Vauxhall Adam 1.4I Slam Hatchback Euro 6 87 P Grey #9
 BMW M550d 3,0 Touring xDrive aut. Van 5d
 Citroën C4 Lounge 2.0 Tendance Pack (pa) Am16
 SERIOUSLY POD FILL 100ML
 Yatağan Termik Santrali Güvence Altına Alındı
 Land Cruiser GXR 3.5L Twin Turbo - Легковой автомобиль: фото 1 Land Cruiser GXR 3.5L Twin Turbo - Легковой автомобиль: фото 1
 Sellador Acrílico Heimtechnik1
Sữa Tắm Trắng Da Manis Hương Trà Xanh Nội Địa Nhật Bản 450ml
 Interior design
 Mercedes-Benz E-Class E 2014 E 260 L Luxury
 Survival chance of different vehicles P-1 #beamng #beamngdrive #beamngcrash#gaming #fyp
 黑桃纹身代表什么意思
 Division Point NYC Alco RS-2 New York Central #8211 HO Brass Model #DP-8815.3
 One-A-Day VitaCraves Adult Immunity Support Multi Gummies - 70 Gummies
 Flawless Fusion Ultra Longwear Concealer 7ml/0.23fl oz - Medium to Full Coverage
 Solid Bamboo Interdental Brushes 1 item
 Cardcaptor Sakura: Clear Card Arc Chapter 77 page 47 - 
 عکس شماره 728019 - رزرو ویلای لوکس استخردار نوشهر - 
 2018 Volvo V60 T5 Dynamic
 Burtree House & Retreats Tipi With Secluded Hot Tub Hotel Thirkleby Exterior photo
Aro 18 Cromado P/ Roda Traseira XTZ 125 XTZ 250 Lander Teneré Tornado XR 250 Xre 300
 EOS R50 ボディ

Your assignment:
Give again, exactly and with nothing added, the lines running from the one that contains "Cardcaptor Sakura: Clear" to the last line of the material.

Worked solution:
 Cardcaptor Sakura: Clear Card Arc Chapter 77 page 47 - 
 عکس شماره 728019 - رزرو ویلای لوکس استخردار نوشهر - 
 2018 Volvo V60 T5 Dynamic
 Burtree House & Retreats Tipi With Secluded Hot Tub Hotel Thirkleby Exterior photo
Aro 18 Cromado P/ Roda Traseira XTZ 125 XTZ 250 Lander Teneré Tornado XR 250 Xre 300
 EOS R50 ボディ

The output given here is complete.